Generate Security Report

python reports/generate_report.py http://localhost:5000

Run with Docker

# Start vulnerable applications
docker-compose up -d

# Test against Juice Shop
python scanners/recon.py http://localhost:3000

🎓 Learning Objectives

This project teaches:

• OWASP Top 10 vulnerabilities
• HTTP security headers
• SQL injection mechanics
• Ethical hacking methodology
• Security automation with Python
• Professional security reporting

🛡️ Security Concepts Covered

• SQL Injection: Understanding and detecting database attacks
• Security Headers: CSP, HSTS, X-Frame-Options, X-Content-Type-Options
• Information Disclosure: Server fingerprinting and reconnaissance
• Directory Traversal: Path enumeration techniques
• Secure Development: Learning from vulnerable code

📊 Sample Output

[+] Security Scan Report
[+] Target: http://localhost:5000
[+] Timestamp: 2024-02-11 10:30:45

[!] CRITICAL: SQL Injection vulnerability detected
[!] HIGH: Missing Content-Security-Policy header
[!] MEDIUM: Missing X-Frame-Options header
[+] Found 3 accessible directories

🔨 Development

Adding New Scanners

1. Create scanner in scanners/ directory
2. Follow the template pattern
3. Import in generate_report.py
4. Update documentation

Extending the Vulnerable App

Add new vulnerabilities to app/vuln_flask.py for testing:

• XSS (Cross-Site Scripting)
• CSRF (Cross-Site Request Forgery)
• Authentication bypass
• File upload vulnerabilities

📝 Portfolio & Resume

This project demonstrates:

• ✅ Python programming proficiency
• ✅ Cybersecurity knowledge
• ✅ Ethical hacking skills
• ✅ Automation and scripting
• ✅ Technical documentation
• ✅ Professional development practices

See SHOWCASE.md for interview talking points.

🤝 Contributing

Contributions welcome!
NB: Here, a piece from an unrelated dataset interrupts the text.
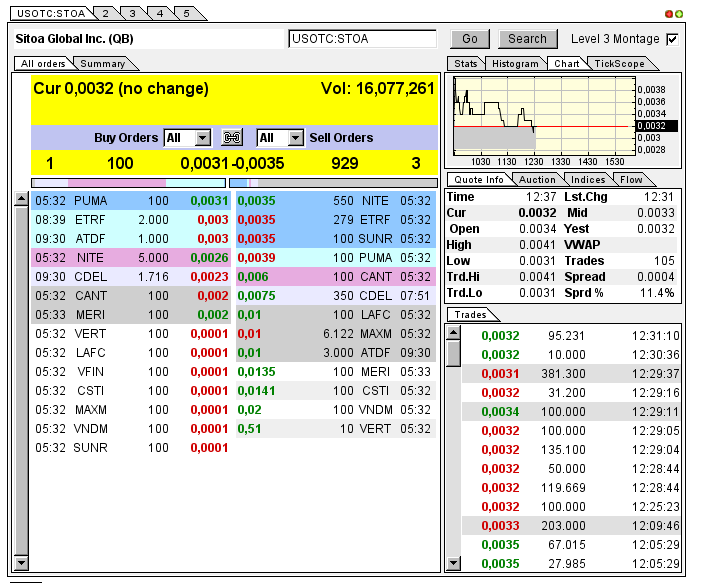 Nach dem Absturz erwarte ich einen Tenbagger 619807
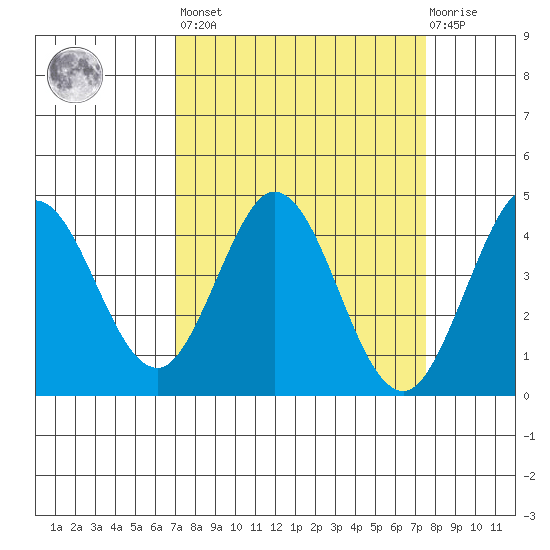 Dillon Beach tide chart for Sunday, March 28, 2021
Please:

1. Fork the repository
2. Create a feature branch
3. Add tests for new scanners
4. Submit a pull request

📚 Resources

• OWASP Top 10
• OWASP Testing Guide
• PortSwigger Web Security Academy
• HackTheBox

📄 License

MIT License - See LICENSE file

⚖️ Ethical Use

This tool is for:

• ✅ Learning security concepts
• ✅ Testing your own applications
• ✅ Authorized penetration testing
• ✅ Security research in controlled environments

Never use for:

• ❌ Unauthorized testing
• ❌ Malicious purposes
• ❌ Illegal activities

👤 Author

GitHub

🙏 Acknowledgments

• OWASP Foundation
• Flask Security Community
• Python Security Tools Developers

---

Remember: With great power comes great responsibility. Use these tools ethically.